We have made significant progress in this chapter. We moved from the MLPs of the 1980s to the CNNs of the 1990s and early 2000s. The architectures proposed, e.g., in the form of LeNet-5 remain meaningful, even to this day. It is worth comparing the error rates on Fashion-MNIST achievable with LeNet-5 both to the very best possible with MLPs (:numref:sec_mlp-implementation) and those with significantly more advanced architectures such as ResNet (:numref:sec_resnet). LeNet is much more similar to the latter than to the former. One of the primary differences, as we shall see, is that greater amounts of computation enabled significantly more complex architectures.

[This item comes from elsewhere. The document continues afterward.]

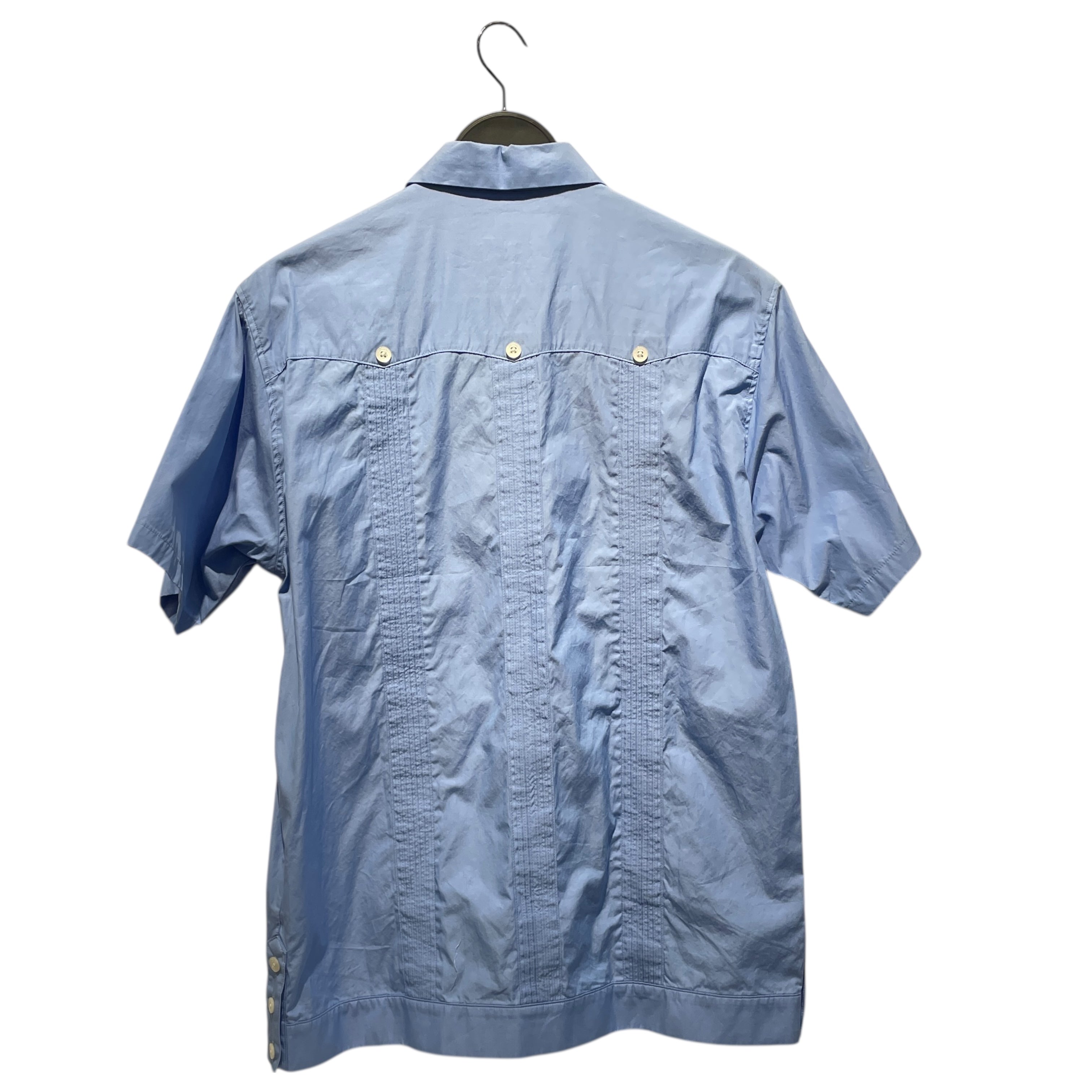 NEIGHBORHOOD/Shirt/S/Cotton/BLU/ view 2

A second difference is the relative ease with which we were able to implement LeNet. What used to be an engineering challenge worth months of C++ and assembly code, engineering to improve SN, an early Lisp-based deep learning tool [17], and finally experimentation with models can now be accomplished in minutes. It is this incredible productivity boost that has democratized deep learning model development tremendously. In the next chapter, we will journey down this rabbit hole to see where it takes us.

Exercises

Let's modernize LeNet. Implement and test the following changes:
Replace average pooling with max-pooling.
Replace the softmax layer with ReLU.
Try to change the size of the LeNet style network to improve its accuracy in addition to max-pooling and ReLU.
Adjust the convolution window size.
Adjust the number of output channels.
Adjust the number of convolution layers.
Adjust the number of fully connected layers.
Adjust the learning rates and other training details (e.g., initialization and number of epochs).
Try out the improved network on the original MNIST dataset.
Display the activations of the first and second layer of LeNet for different inputs (e.g., sweaters and coats).
What happens to the activations when you feed significantly different images into the network (e.g., cats, cars, or even random noise)?
Let's modernize LeNet. Implement and test the following changes:
Replace average pooling with max-pooling.
Replace the softmax layer with ReLU.

julia

struct ModernLeNet{N} <: AbstractClassifier
    net::N
end

function ModernLeNet(; num_classes = 10, init = Flux.glorot_normal)
    net = Chain(
        Conv((5,5), 1 => 6, relu; pad = 2, init = init),
        MaxPool((2,2), stride = 2),
        Conv((5,5), 6 => 16, relu, init = init),
        MaxPool((2,2), stride = 2),
        Flux.flatten,
        Dense(400 => 120, relu, init = init),
        Dense(120 => 84, relu, init = init),
        Dense(84 => num_classes, init = init),
        Flux.softmax
    ) |> f64
    ModernLeNet(net)
end

Flux.@layer ModernLeNet

julia

struct LeNetCustom{N} <: AbstractClassifier
    net::N
end

function LeNetCustom(; num_classes = 10, init = Flux.glorot_normal, kernel_size = (5,5), num_conv = 1, channels = (6, 16,))
    @assert length(channels) == num_conv + 1
    net = Flux.@autosize (28, 28, 1, 128) Chain(
        Conv(kernel_size, 1 => 6, relu; pad = 2, init = init),
        MaxPool((2,2), stride = 2),
        [Conv(kernel_size, channels[i] => channels[i+1], relu, init = init) for i in 1:num_conv]...,
        MaxPool((2,2), stride = 2),
        Flux.flatten,
        Dense(_ => 120, relu, init = init),
        Dense(120 => 84, relu, init = init),
        Dense(84 => num_classes, init = init),
        Flux.softmax
    )
    LeNetCustom(f64(net))
end

Flux.@layer LeNetCustom

julia

# kernel_size, channel, num_conv, lr, epochs,
test_hyperparams = ([(3,3), (5,5), (7,7)], [8, 16, 24], [1, 2], [0.1, 0.05], [10, 15, 20])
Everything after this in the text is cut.